Pourtant le ministère dispose d’une masse de statistiques qui restent à tort confidentielles ou réservées à quelques privilégiés, alors qu’elles intéressent les élus, les décideurs, les acteurs culturels, etc. Elles permettent d’enrichir le débat sur la politique culturelle et participent à la transparence tant prônée par le ministère. Je regrette d’ailleurs que la cellule statistique n’ait jamais été autorisée à diffuser les statistiques culturelles produites sur le site internet du ministère, que ce soit sur le financement, mais aussi sur l’emploi, sur la fréquentation des salles de spectacle, etc. Il était pourtant possible de diffuser ces données sur l’ensemble du champ culturel depuis plusieurs années.

Dans une contribution publiée sur le site de la Fondation Idea2, vous affirmez que les industries culturelles et créatives sont sous-développées au Luxembourg (« un secteur économique bien plus modeste que le poids qui lui est généralement attribué »), avec 6 000 emplois à peu près, et vous y voyez un facteur de diversification de l’économie nationale.

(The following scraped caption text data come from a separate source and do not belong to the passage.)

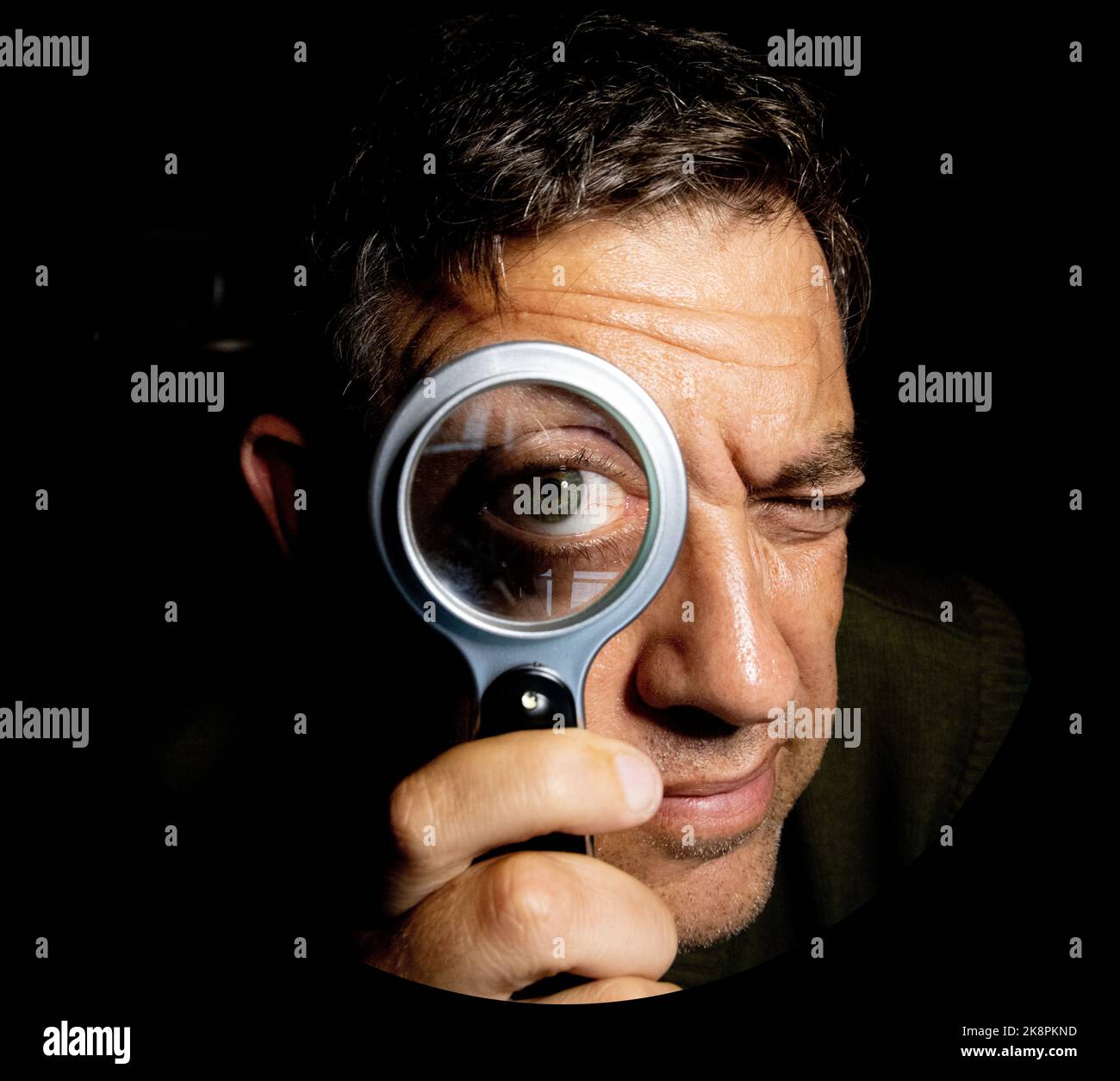 A comic portrait of a man holding a magnifying glass in front of his eye Stock Photo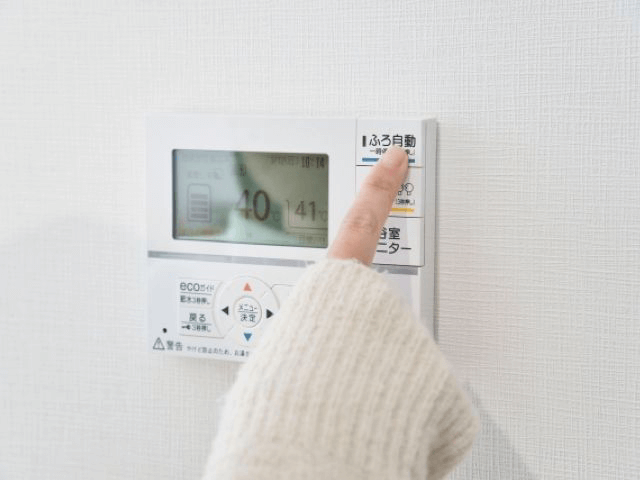 エコキュート給湯器の操作パネルで給湯温度を調整している様子。
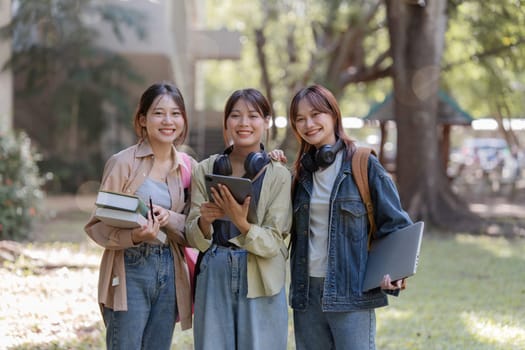 university students using a digital tablet while walking to next class.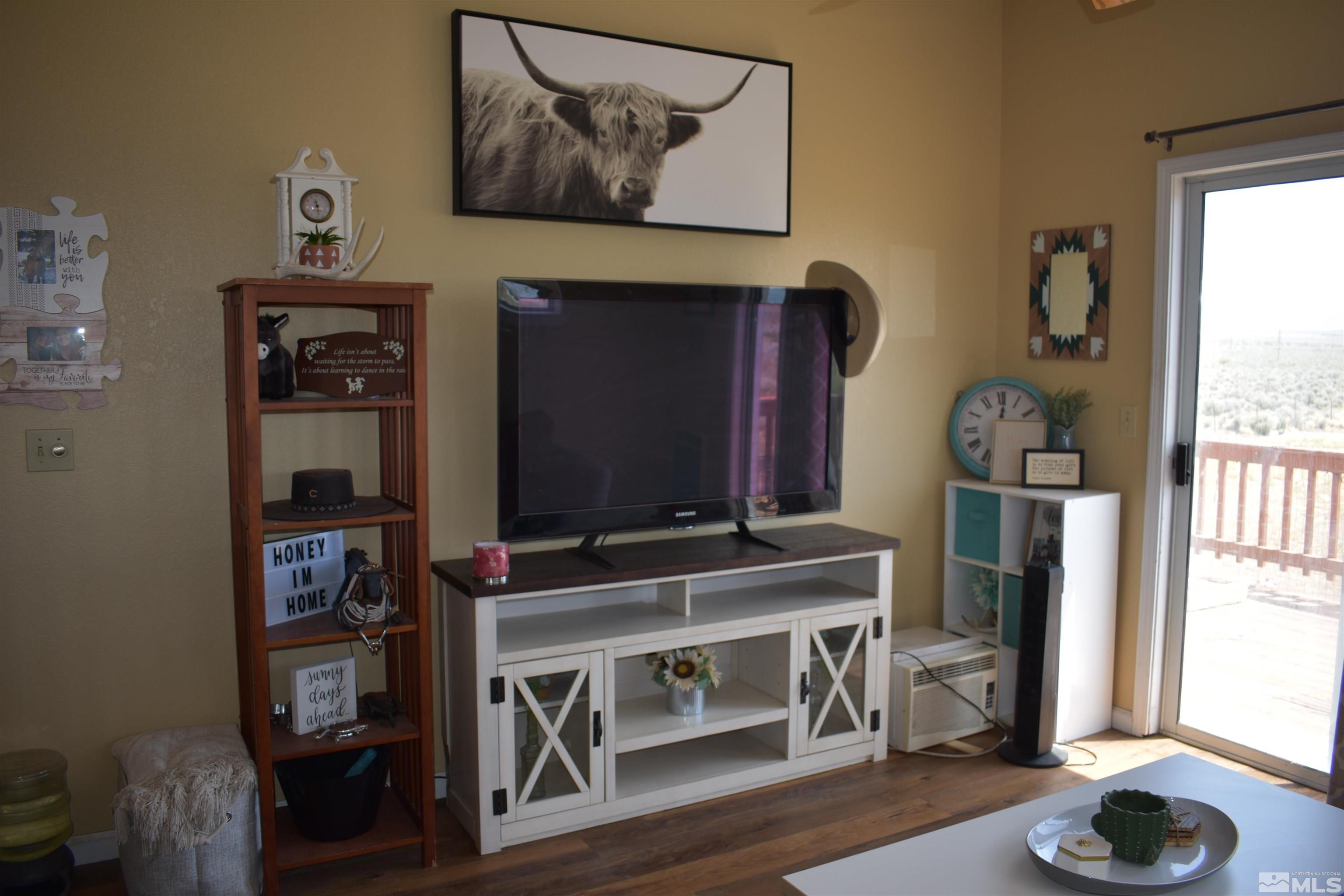 1737 Dee Jay Lane Minden, NV 89423 - Photo 21 of 40 a living room with furniture and a flat screen tv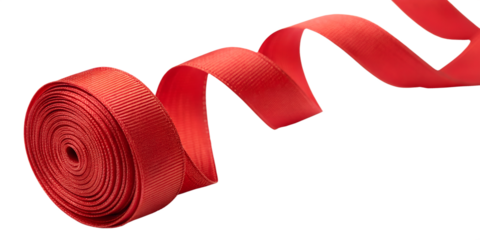Bright red textured ribbon unrolling from a spool in a dynamic spiral shape isolated on transparent background
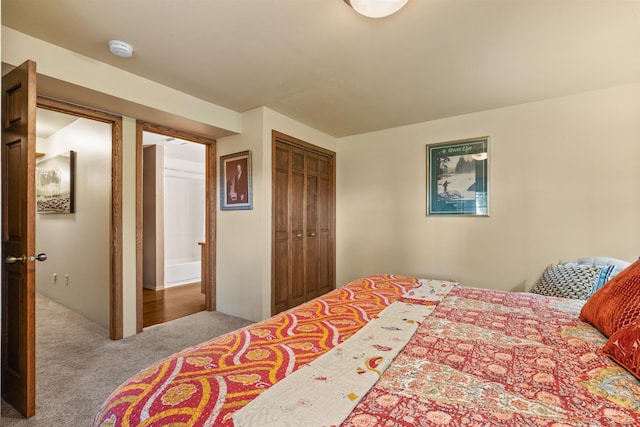 bedroom featuring a closet and carpet flooring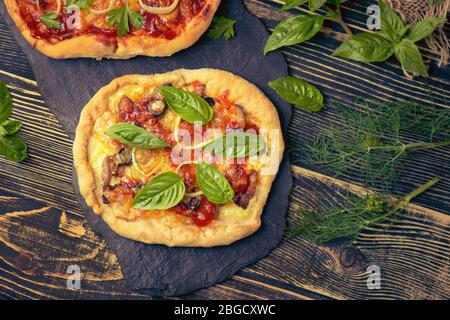Mixed pizza with chicken, pepper, olives, onion, basil on pizza board. Close up view of baked homemade piza. Rustic pizza home made food. Stock Photo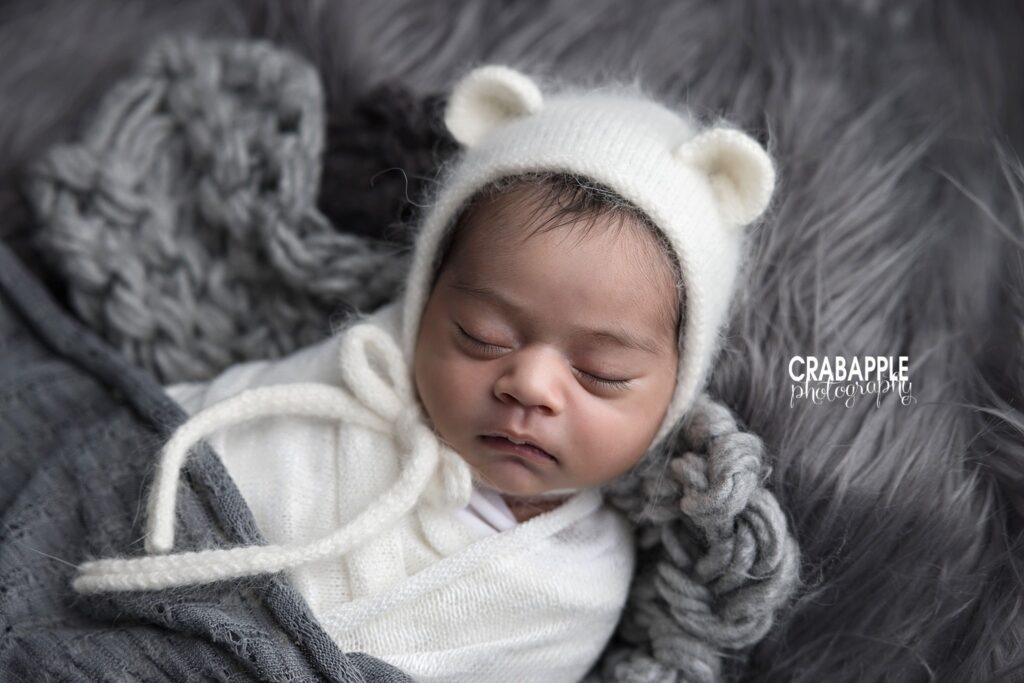 Close-up of newborn girl wearing a white bear hat and white swaddle on gray chunky knit and soft fur	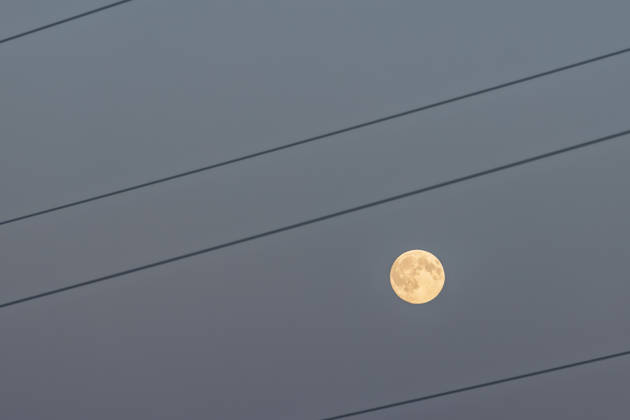 Full Moon Over Arzdorf in Wachtberg, October 25, 2026: The full moon over Arzdorf in Wachtberg behind power lines. The photos were taken at dusk in Wachtberg, Arzdorf, North Rhine-Westphalia, Germany. Copyright: xMarcxJohnx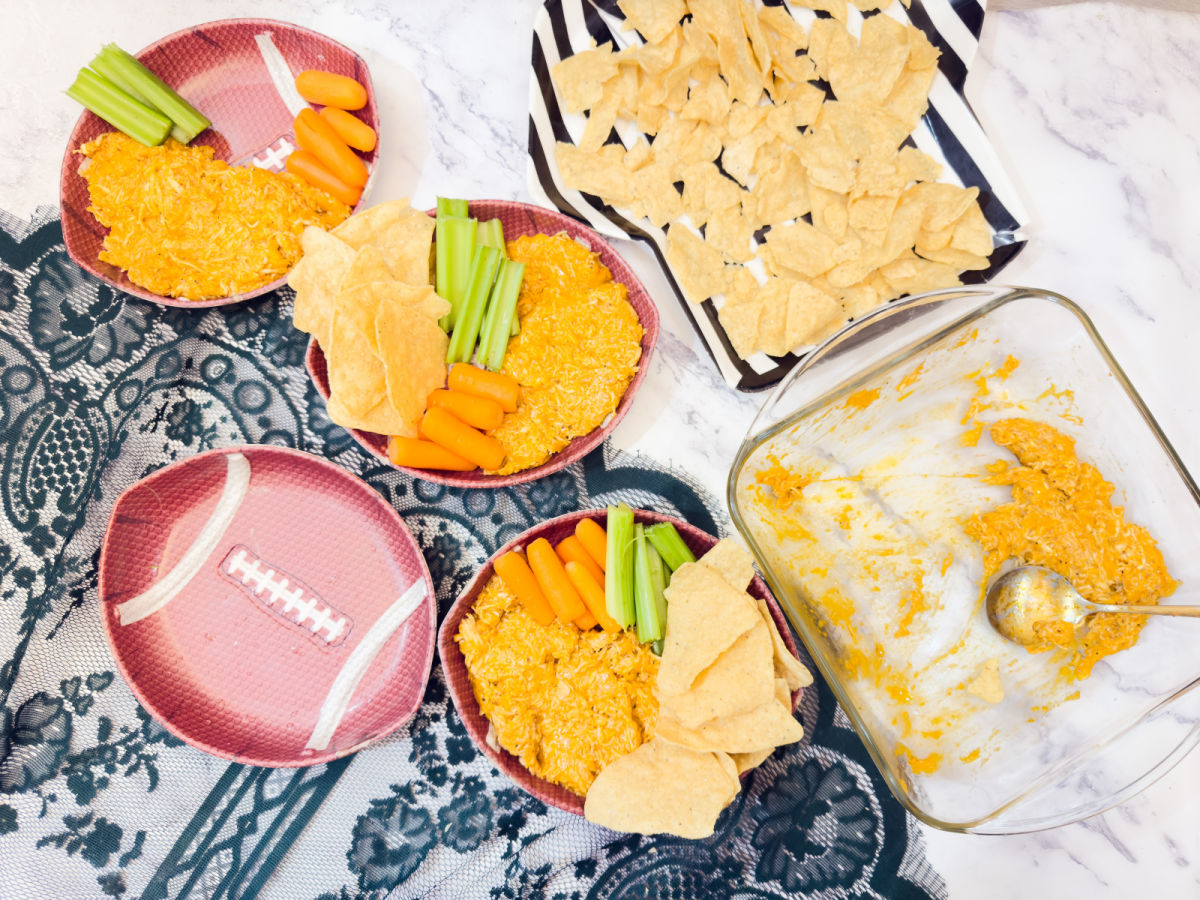 transferring chicken dip to bowl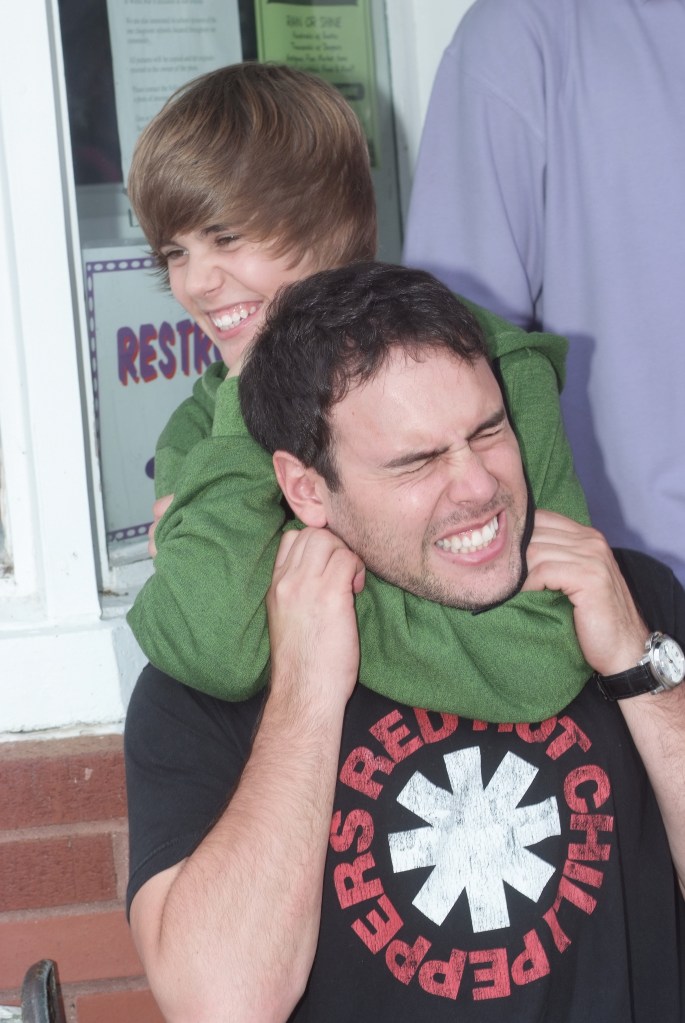 Justin Bieber musician and Scooter Braun pose for a portrait on the set of the music video One Less Lonely Girl in Watertown, Tennessee on September 12, 2009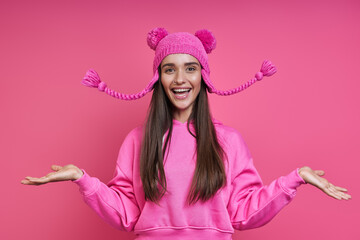 Excited young woman in hooded shirt playing with her funky hat against pink background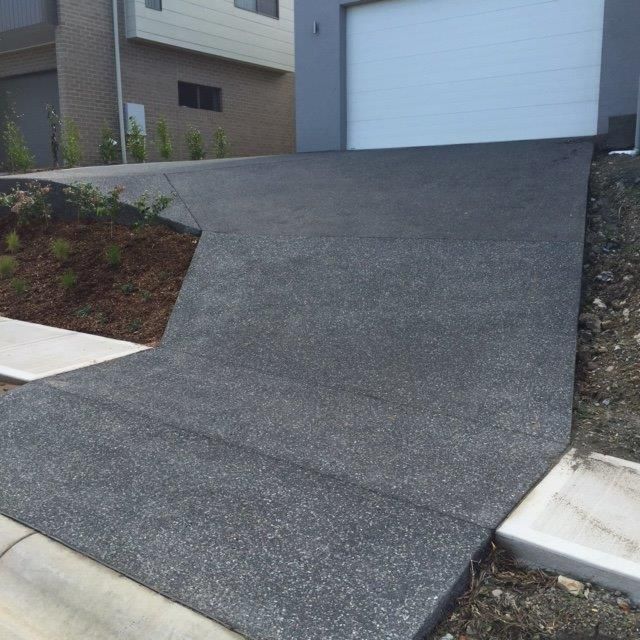 A concrete driveway leading to a garage with a white garage door — Concrete Colour Solutions in Morisset, NSW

Cette appréciation dépasse alors clairement le simple relevé statistique…

Faire des ICC un facteur de diversification de l’économie nationale est une chance pour le secteur culturel dans son ensemble, surtout si le gouvernement partage ce point vue. En effet, cela peut changer les choses sur le plan des moyens financiers affectés au secteur culturel et plus particulièrement faire en sorte que la culture ne soit plus considérée comme un facteur d’ajustement par le ministère des Finances, mais bien comme un secteur économique à part entière qui contribue au développement de la richesse nationale. Le budget alloué à la culture pourrait alors suivre une tendance inverse à celle actuellement observée.

Entretien mené par courriel les 24 et 25 août.